The first of three nights on the south coast
Five guitarists, a bassist, a keyboardist, a drummer, a sound guy and a guitar tech walk into a packed bar. If you think the punchline to that joke is likely to be humourless, misogynistic and self centred, you’d be completely right. Despite selling out three consecutive nights, this early in the new year, it appears the members of The Brian Jonestown Massacre just don’t care much about trying to please their audiences. They didn’t seem to have done any kind of soundchecking beforehand, instead giving the stage over to a tedious magician stuck in the ’90s. What started badly rapidly descended into near disaster.
Frontman Anton Newcombe’s reputation for eccentricity and perfectionism both precedes and defeats him. And so when he starts things off with an excessively long dry story about finding a stetson hat in Berlin, we indulge him. Because expectation is naturally high that we are in for someone wonderful. As the sleep inducing tale continues, he sneeringly mocks the crowd’s apathy, saying “tough room”. It’s the first of many occasions when he will angrily lambast us for ‘giving him shit’ or scream “No requests” in a petulant child’s voice, all while he spends what appears to be half the show trying to tune up.

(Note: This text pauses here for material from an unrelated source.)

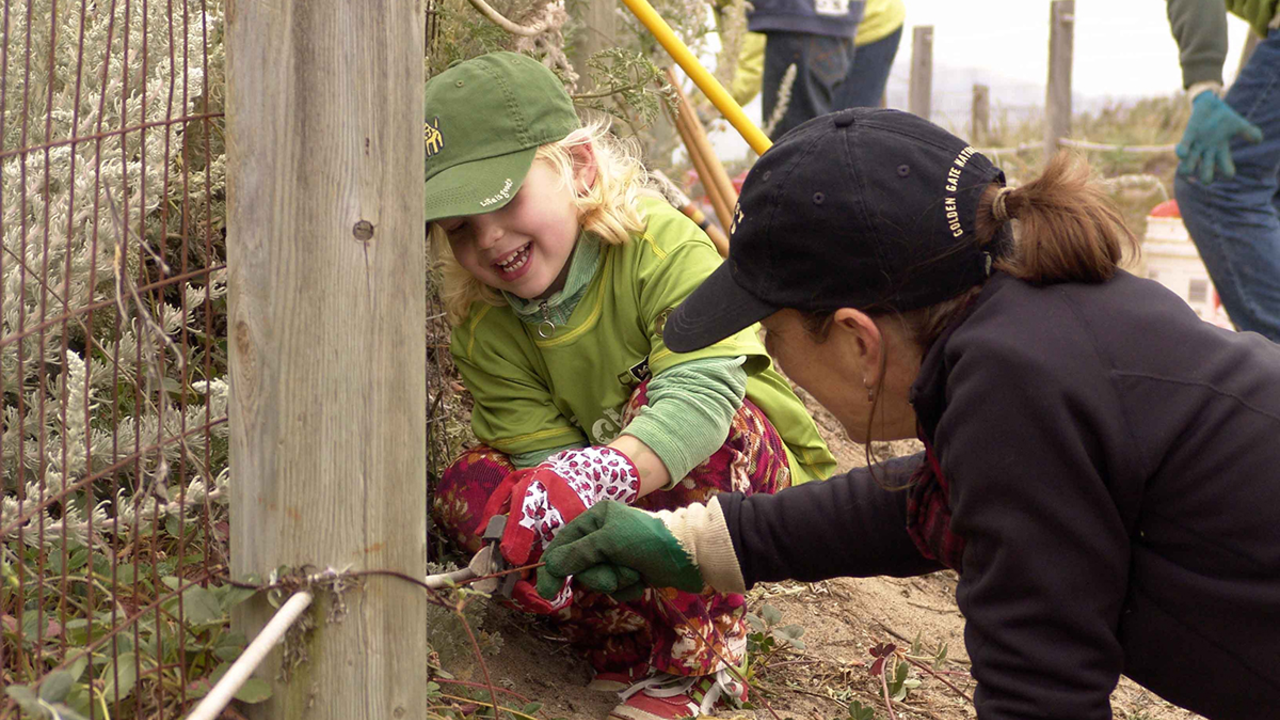 A child and her mother help plant native vegetation at Crissy Field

Quite why every single song had to be played on a slightly different teardrop shaped guitar in a barely noticeable new colourway is frankly quizzical. Why could he not just find the one model that works and build up a vibe and sustain it? It’s charming and cute when someone like Chan Marshall shyly trips up through nervous anxiety about honouring a song, but it’s less endearing when we have to witness a band member berated because their playing is pitchy and trebly, or stay standing through anecdotes about the struggle you face maintaining long hair when you’ve reached middle age. We just wanted some rock ‘n’ roll music.
If only you could say that when they finally did manage to get a song going it sounded as psychedelic and drugged out as you’d hoped for. At best, they evoked Kula Shaker going through a messy divorce. At least that band could write a decent melody or pull off a cover version if the situation called for it. Let’s just say if anyone decided to record the soundboard for tonight’s mess, it’s not gonna go down in history as the next Live at Leeds or Concert For Bangladesh any time soon.

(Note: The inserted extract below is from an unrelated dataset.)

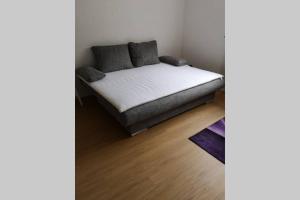 a bed in a corner of a room at Ferienwohnung Susanne, Losheim am See in Wahlen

At one point, one of the guitar players closest to Newcombe does the ‘raised eyebrows, bulging eyes, hand cutting across his throat‘ signal behind his boss’s back, indicating that the pissed off masses shouldn’t bait their glorious leader as he’s already teetering close to the edge of insanity. That musician probably just wanted to keep his job, so he wilfully guzzled down the Kool-aid, but a large swathe of the rest of us lost our thirst and walked away disappointed.